= Term graph =

Representation of an expression as a generalized graph

A term graph is a representation of an expression in a formal language as a generalized graph whose vertices are . Term graphs are a more powerful form of representation than expression trees because they can represent not only common subexpressions (i.e. they can take the structure of a directed acyclic graph) but also cyclic/recursive subexpressions (cyclic digraphs).

Abstract syntax trees cannot represent shared subexpressions since each tree node can only have one parent; this simplicity comes at the cost of efficiency due to redundant duplicate computations of identical terms. For this reason term graphs are often used as an intermediate language at a subsequent compilation stage to abstract syntax tree construction via parsing.

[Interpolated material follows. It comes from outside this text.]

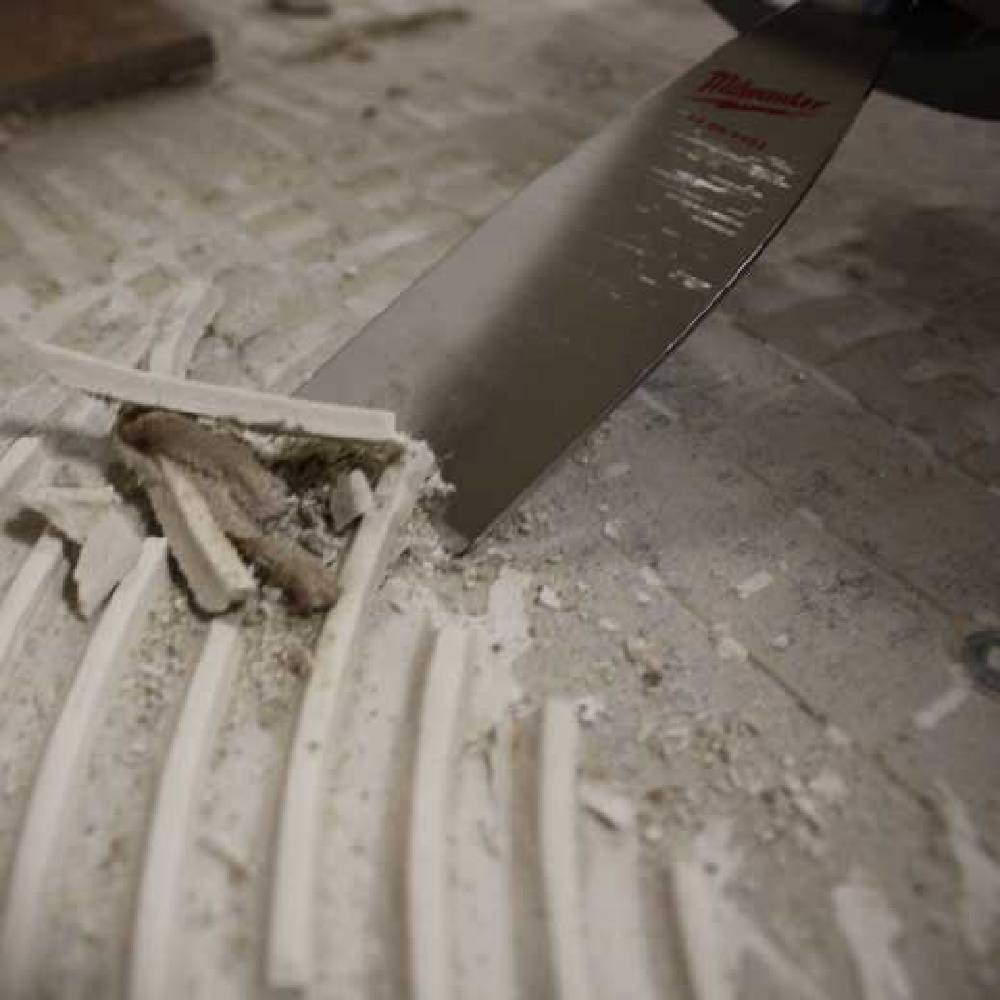 Milwaukee 49-00-5463 1-1/2in Scraper Blade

The phrase "term graph rewriting" is often used when discussing graph rewriting methods for transforming expressions in formal languages. Considered from the point of view of graph grammars, term graphs are not regular graphs, but hypergraphs where an n-ary word will have a particular subgraph in first place, another in second place, and so on, a distinction that does not exist in the usual undirected graphs studied in graph theory.

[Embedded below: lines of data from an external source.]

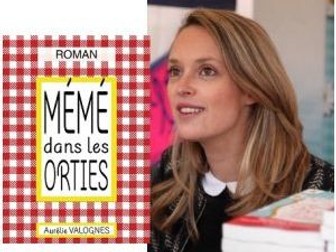 "Our of sorts" or "Mémé dans les orties" (Listening) - Interview of the author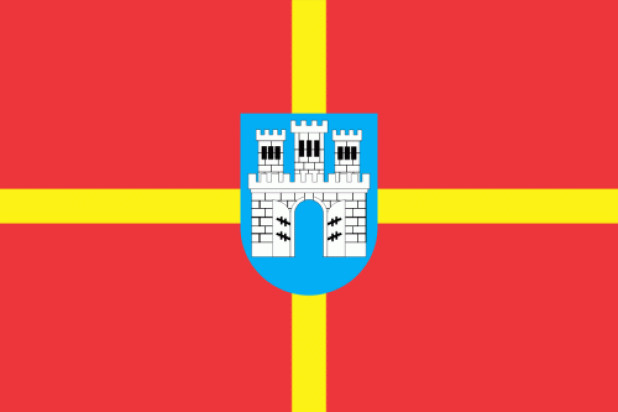 Bandeira Schytomyr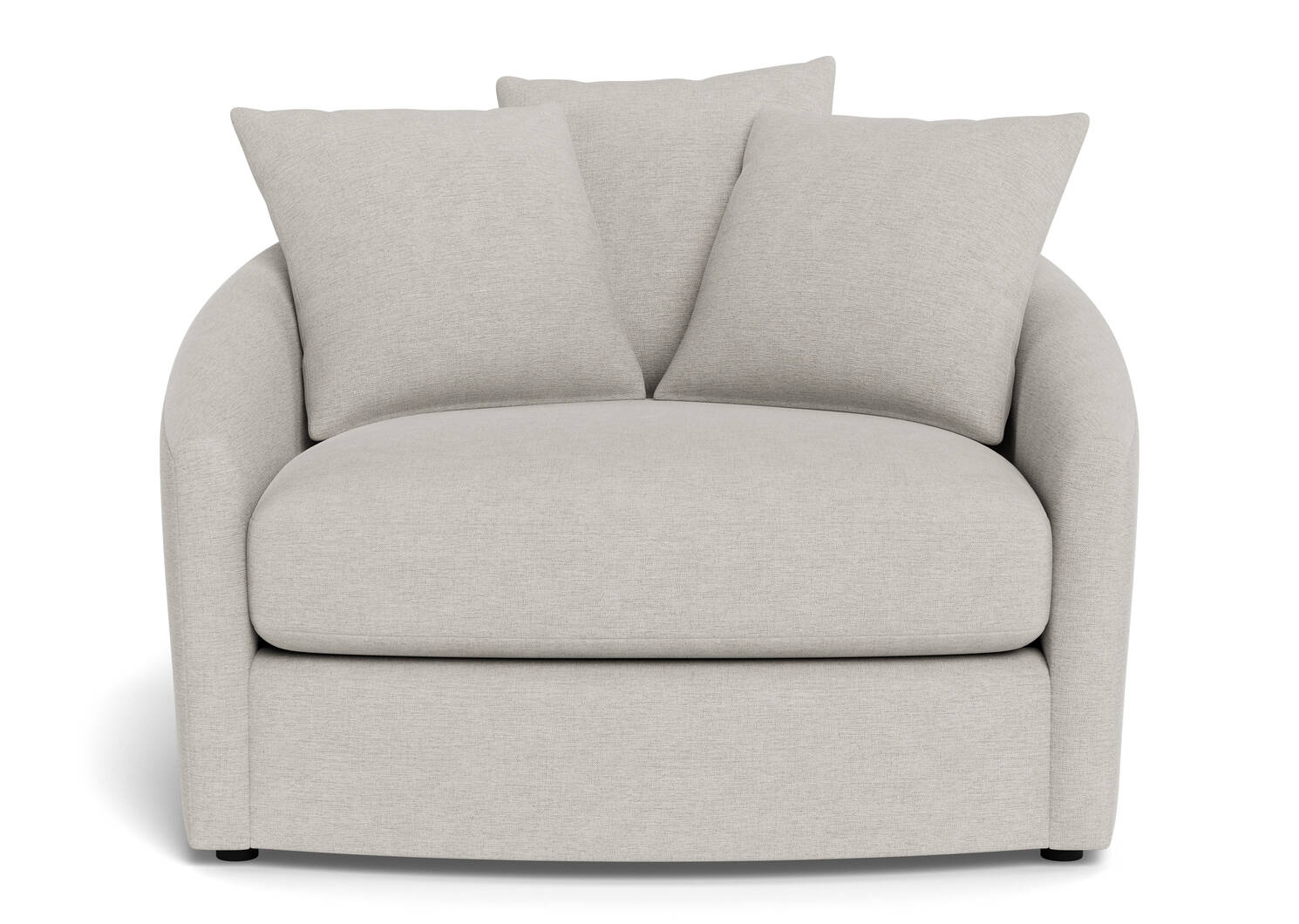 Gela Custom Chair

Term graphs are a prominent topic in programming language research since term graph rewriting rules can formally expressing a compiler's operational semantics. Term graphs are also used as abstract machines capable of modelling chemical and biological computations as well as graphical calculi such as concurrency models. Term graphs can perform automated verification and logical programming since they are well-suited to representing quantified statements in first order logic. Symbolic programming software is another application for term graphs, which are capable of representing and performing computation with abstract algebraic structures such as groups, fields and rings.

The TERMGRAPH conference focuses entirely on research into term graph rewriting and its applications.

Term graphs are also used in type inference, where the graph structure aids in implementing type unification.